New Email Raises Questions About Cost of F.B.I. Building Project – By Thomas Kaplan (New York Times) / Nov 2 2018
WASHINGTON — An email message released Friday shows the Trump administration bracing for scrutiny over the cost of its plan to build a new downtown headquarters for the Federal Bureau of Investigation instead of moving the agency to Maryland or Virginia.
The Trump administration has faced questions from congressional Democrats after it abandoned a long-discussed plan to build a campus for the F.B.I. in the Washington suburbs while turning over the bureau’s existing headquarters on Pennsylvania Avenue for commercial development. In February, the administration presented lawmakers with a new plan: It would seek to demolish the existing headquarters, the J. Edgar Hoover Building, and rebuild on that site.

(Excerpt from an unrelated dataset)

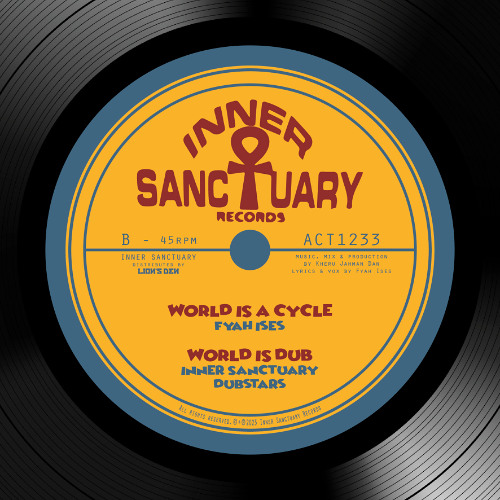 Fyah Ises x Inner Sanctuary Dubstars - World Is A Cycle + World Is Dub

Mr. Trump has taken an unusual interest in the F.B.I. building, including taking part himself in at least one meeting about the headquarters project before the new plan was announced. The Hoover building is a block from the Trump International Hotel, and the plan to build a new F.B.I. headquarters on that site will keep the property out of the hands of a commercial developer.
The newly revealed email is from Feb. 13, the day after the Trump administration presented a Senate committee with its plan to keep the F.B.I. on Pennsylvania Avenue. Officials from the General Services Administration, which handles real estate for the federal government, testified later that week in front of a House subcommittee.
In the email, Andrew Abrams, an official at the White House Office of Management and Budget, provided what he described as “the hardest-hitting FBI HQ question we could come up with.”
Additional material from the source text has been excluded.